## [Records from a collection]
-=-=-=-=-
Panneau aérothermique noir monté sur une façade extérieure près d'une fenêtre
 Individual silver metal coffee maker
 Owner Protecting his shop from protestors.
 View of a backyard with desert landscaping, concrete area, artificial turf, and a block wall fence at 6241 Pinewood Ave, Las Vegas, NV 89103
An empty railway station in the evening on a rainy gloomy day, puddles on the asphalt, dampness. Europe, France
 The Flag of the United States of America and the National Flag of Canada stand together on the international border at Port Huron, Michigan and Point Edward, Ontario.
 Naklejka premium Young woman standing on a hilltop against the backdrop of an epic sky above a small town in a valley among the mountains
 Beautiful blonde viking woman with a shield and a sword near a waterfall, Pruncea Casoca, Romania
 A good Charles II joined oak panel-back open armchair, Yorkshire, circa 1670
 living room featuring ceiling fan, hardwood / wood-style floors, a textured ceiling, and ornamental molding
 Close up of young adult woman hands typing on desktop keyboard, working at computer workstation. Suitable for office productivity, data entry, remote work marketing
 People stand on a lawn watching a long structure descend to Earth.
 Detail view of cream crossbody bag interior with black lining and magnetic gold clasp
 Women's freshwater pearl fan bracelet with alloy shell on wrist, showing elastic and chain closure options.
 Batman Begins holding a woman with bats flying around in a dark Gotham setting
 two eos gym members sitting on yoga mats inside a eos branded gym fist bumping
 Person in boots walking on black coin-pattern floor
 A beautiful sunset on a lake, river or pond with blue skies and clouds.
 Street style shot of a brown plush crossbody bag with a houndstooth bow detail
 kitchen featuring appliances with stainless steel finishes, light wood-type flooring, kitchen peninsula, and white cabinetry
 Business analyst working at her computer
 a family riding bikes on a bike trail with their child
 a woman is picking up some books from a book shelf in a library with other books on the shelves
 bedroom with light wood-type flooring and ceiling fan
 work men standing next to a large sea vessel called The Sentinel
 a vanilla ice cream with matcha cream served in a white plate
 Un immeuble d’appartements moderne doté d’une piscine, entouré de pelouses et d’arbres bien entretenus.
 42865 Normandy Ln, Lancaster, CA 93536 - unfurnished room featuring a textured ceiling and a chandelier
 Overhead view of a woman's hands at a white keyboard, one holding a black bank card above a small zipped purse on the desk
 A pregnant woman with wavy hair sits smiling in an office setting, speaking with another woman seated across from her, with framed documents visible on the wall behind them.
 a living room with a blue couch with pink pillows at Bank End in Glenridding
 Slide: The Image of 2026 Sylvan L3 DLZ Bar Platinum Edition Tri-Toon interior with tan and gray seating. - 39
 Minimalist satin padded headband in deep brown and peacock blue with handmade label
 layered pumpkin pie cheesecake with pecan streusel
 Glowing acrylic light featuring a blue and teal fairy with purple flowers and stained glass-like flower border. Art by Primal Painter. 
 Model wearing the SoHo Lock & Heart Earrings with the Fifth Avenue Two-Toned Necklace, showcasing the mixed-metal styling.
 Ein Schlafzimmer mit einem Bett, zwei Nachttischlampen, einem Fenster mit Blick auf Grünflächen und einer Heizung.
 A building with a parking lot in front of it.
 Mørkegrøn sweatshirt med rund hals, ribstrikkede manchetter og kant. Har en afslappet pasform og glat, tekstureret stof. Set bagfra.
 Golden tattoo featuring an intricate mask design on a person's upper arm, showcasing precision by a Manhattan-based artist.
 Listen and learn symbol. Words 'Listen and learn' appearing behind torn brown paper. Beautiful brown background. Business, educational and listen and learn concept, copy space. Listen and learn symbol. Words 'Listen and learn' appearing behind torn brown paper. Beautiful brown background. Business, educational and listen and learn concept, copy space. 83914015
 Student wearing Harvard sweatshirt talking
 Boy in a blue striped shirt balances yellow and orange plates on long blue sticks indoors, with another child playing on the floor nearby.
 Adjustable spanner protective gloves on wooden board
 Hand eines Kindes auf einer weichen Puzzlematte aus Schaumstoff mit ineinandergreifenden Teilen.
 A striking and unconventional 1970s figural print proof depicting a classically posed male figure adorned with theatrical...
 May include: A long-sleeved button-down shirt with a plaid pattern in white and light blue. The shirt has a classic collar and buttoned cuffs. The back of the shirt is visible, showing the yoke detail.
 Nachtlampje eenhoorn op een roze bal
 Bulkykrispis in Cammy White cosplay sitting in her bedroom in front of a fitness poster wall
-=-=-=-=-
## [Task to complete]
Among the records above, only the lines between the line holding "Individual silver metal coffee maker" and the line holding "A good Charles", inclusive, are to be output, exactly as written.

## [Solved problem]
 Individual silver metal coffee maker
 Owner Protecting his shop from protestors.
 View of a backyard with desert landscaping, concrete area, artificial turf, and a block wall fence at 6241 Pinewood Ave, Las Vegas, NV 89103
An empty railway station in the evening on a rainy gloomy day, puddles on the asphalt, dampness. Europe, France
 The Flag of the United States of America and the National Flag of Canada stand together on the international border at Port Huron, Michigan and Point Edward, Ontario.
 Naklejka premium Young woman standing on a hilltop against the backdrop of an epic sky above a small town in a valley among the mountains
 Beautiful blonde viking woman with a shield and a sword near a waterfall, Pruncea Casoca, Romania
 A good Charles II joined oak panel-back open armchair, Yorkshire, circa 1670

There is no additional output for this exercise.